### What is being asked
In the entries below, find the line with "T-shirt Deftones Raglan Sleeve PNG" and the line with "Certificate Frames - 8". Reproduce those two lines and every line between them exactly, and nothing more.

### Data provided
=======

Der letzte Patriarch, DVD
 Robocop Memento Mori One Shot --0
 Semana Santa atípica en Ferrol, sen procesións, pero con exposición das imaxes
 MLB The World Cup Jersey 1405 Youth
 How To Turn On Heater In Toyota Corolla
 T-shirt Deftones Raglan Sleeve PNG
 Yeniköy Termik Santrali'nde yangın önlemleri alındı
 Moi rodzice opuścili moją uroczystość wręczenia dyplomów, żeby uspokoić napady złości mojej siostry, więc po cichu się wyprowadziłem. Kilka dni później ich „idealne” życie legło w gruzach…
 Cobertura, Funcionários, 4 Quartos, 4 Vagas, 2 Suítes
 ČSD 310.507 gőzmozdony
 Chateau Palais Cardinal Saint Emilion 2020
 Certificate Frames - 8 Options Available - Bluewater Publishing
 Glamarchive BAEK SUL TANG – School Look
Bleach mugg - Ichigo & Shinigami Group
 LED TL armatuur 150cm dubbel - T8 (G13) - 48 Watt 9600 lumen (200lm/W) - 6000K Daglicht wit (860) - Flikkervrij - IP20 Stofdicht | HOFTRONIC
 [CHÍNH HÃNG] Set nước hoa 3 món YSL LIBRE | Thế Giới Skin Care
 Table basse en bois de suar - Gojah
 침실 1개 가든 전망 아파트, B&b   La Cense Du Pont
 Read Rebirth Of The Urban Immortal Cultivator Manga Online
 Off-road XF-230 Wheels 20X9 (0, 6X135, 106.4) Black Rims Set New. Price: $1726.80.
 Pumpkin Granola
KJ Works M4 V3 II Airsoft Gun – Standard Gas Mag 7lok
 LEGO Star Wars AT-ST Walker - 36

=======

### Response below
 T-shirt Deftones Raglan Sleeve PNG
 Yeniköy Termik Santrali'nde yangın önlemleri alındı
 Moi rodzice opuścili moją uroczystość wręczenia dyplomów, żeby uspokoić napady złości mojej siostry, więc po cichu się wyprowadziłem. Kilka dni później ich „idealne” życie legło w gruzach…
 Cobertura, Funcionários, 4 Quartos, 4 Vagas, 2 Suítes
 ČSD 310.507 gőzmozdony
 Chateau Palais Cardinal Saint Emilion 2020
 Certificate Frames - 8 Options Available - Bluewater Publishing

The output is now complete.